There was a simple commercial logic to closing the News of the Screws. The brand was sinking fast, as advertisers bailed out, feeling rather slimed by its behaviour. Some of them may be unintelligent enough to think a Sun on Sunday would be wildly different. Many will suspect this is a case of change the name and do the same again.

Conspiracy theories abound. One journalistic friend told me yesterday that the whole thing could be a strategy to confuse investigators by closing down a crime scene. Another explained Murdoch never gets it wrong and was looking for a way out of this particular medium as its circulation wilted, along with that of all conventional dinosaur powermedia.

Well, I don’t know. I do know that as the Police swoop on Andy Coulson and Clive Goodman the position of Rebekah Brooks becomes increasingly untenable. Here is a good and gifted journalist whose newsroom was apparently perpetrating some 4,000 crimes over a few years, the principal evidence for which was the content of stories being published every week. Yet she asks us to believe she, unlike her four million readers, knew nothing. Where on earth did she think all those revelations were coming from. Mystic Meg?
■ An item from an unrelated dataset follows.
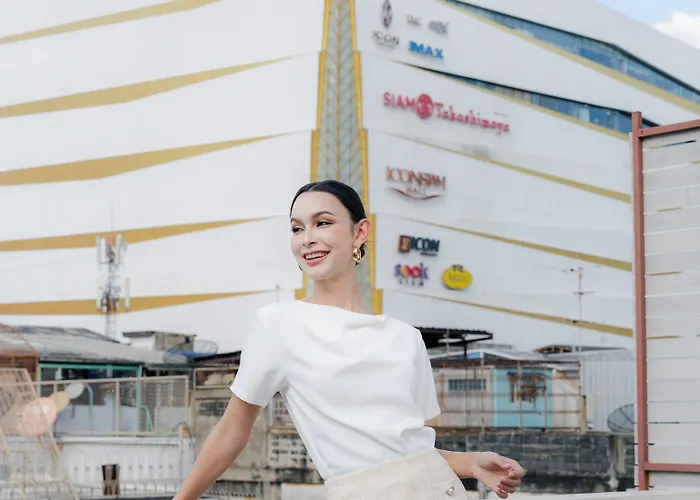 Bembis Charoenakorn 10 Hotel 3*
As to the rest of News Internatonal they have just, James Murdoch tells us, given the police evidence of serious wrongdoing down the years. Where did that come from? If they had it why did they not give it to the police earlier? Or even read it themselves and do anything about it apart from shooting the sergeant? The News Internatonal brand is certainly rotten from the head down and nobody outside the organisation yet knows how far down the rot reaches.

Although I have had other things to do with my Sundays down the years, I shall miss the Screws. Its cheeky chappie antics were essentially end-of-the-pier stuff, although politicians quivered before its chickenshit right wing hufflepuff, and that of the Sun, in all kinds of subtle and no-so-subtle ways. Shame on them that they walked in fear of it, but that can hardly be blamed entirely on the papers. Big media used to be very powerful, we all believed.

There is a sting in the tail, like the final scene of Roman Polanski’s Night of the Vampires, where the nubile miss he has rescued from all the vampires in Transylvania bites the vampire slayer. Readers of Flat Earth News will remember Neil Davies section on this kind of carry on, in which he reveals that the involvement of the Daily Mail in such dark arts was, in the teeming summer of such behaviour, probably more extensive than that of News Internatonal Titles.

Yesterday’s Mail openly defied the Fleet Street convention that dogs never eat other dogs. Its headline crowed over the demise of “The Newspaper that Died of Shame.” This could be the Acme of the Daily Mail’s famous hypocrisy. The soft but insistent niff of rotten rat in its own basement is better concealed, but no less inherently pungent.